Stored value can be anything unsigned. Units should be specified when declared.
*/
typedef uint32_t axes_uint32_t[AXIS_COUNT];
/**
\typedef axes_int32_t
\brief n-dimensional vector used to describe int32_t axis information.
Stored value can be anything unsigned. Units should be specified when declared.
*/
typedef int32_t axes_int32_t[AXIS_COUNT];
/**
\struct TARGET
\brief target is simply a point in space/time
X, Y, Z and E are in micrometers unless explcitely stated. F is in mm/min.
*/
typedef struct {
axes_int32_t axis;
uint32_t F;
uint8_t e_relative :1; ///< bool: e axis relative? Overrides all_relative
} TARGET;
/**
\struct MOVE_STATE
\brief this struct is made for tracking the current state of the movement
Parts of this struct are initialised only once per reboot, so make sure dda_step() leaves them with a value compatible to begin a new movement at the end of the movement. Other parts are filled in by dda_start().
*/
typedef struct {
// bresenham counters
axes_int32_t counter; ///< counter for total_steps vs each axis
// step counters
axes_uint32_t steps; ///< number of steps on each axis
#ifdef ACCELERATION_RAMPING
/// counts actual steps done
uint32_t step_no;
#endif
#ifdef ACCELERATION_TEMPORAL
axes_uint32_t time; ///< time of the last step on each axis
uint32_t last_time; ///< time of the last step of any axis
#endif
/// Endstop handling.
uint8_t endstop_stop; ///< Stop due to endstop trigger
uint8_t debounce_count_x, debounce_count_y, debounce_count_z;
} MOVE_STATE;
/**
\struct DDA
\brief this is a digital differential analyser data struct
This struct holds all the details of an individual multi-axis move, including pre-calculated acceleration data.
This struct is filled in by dda_create(), called from enqueue(), called mostly from gcode_process() and from a few other places too (eg \file homing.c)
*/
typedef struct {
/// this is where we should finish
TARGET endpoint;
union {
struct {
// status fields
uint8_t nullmove :1; ///< bool: no axes move, maybe we wait for temperatures or change speed
uint8_t live :1; ///< bool: this DDA is running and still has steps to do
uint8_t done :1; ///< bool: this DDA is done.

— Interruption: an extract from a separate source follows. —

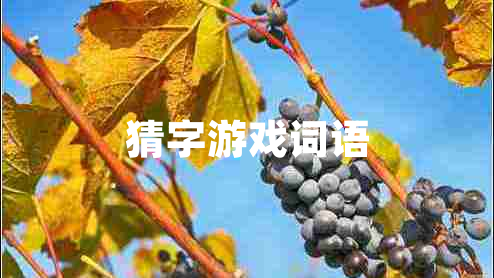 猜字游戲詞語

#ifdef ACCELERATION_REPRAP
uint8_t accel :1; ///< bool: speed changes during this move, run accel code
#endif
// wait for temperature to stabilise flag
uint8_t waitfor_temp :1; ///< bool: wait for temperatures to reach their set values
// directions
// As we have muldiv() now, overflows became much less an issue and
// it's likely time to get rid of these flags and use int instead of
// uint for distance/speed calculations. --Traumflug 2014-07-04
uint8_t x_direction :1; ///< direction flag for X axis
uint8_t y_direction :1; ///< direction flag for Y axis
uint8_t z_direction :1; ///< direction flag for Z axis
uint8_t e_direction :1; ///< direction flag for E axis
};
uint16_t allflags; ///< used for clearing all flags
};
// distances
axes_uint32_t delta; ///< number of steps on each axis
// uint8_t fast_axis; (see below)
uint32_t total_steps; ///< steps of the "fast" axis
uint32_t fast_um; ///< movement length of this fast axis
uint32_t fast_spm; ///< steps per meter of the fast axis
uint32_t c; ///< time until next step, 24.8 fixed point
#ifdef ACCELERATION_REPRAP
uint32_t end_c; ///< time between 2nd last step and last step
#endif
#ifdef ACCELERATION_RAMPING
/// precalculated step time offset variable
int32_t n;
/// number of steps accelerating
uint32_t rampup_steps;
/// number of last step before decelerating
uint32_t rampdown_steps;
/// 24.8 fixed point timer value, maximum speed
uint32_t c_min;
#ifdef LOOKAHEAD
// With the look-ahead functionality, it is possible to retain physical
// movement between G1 moves. These variables keep track of the entry and
// exit speeds between moves.
uint32_t distance;
uint32_t crossF;
// These two are based on the "fast" axis, the axis with the most steps.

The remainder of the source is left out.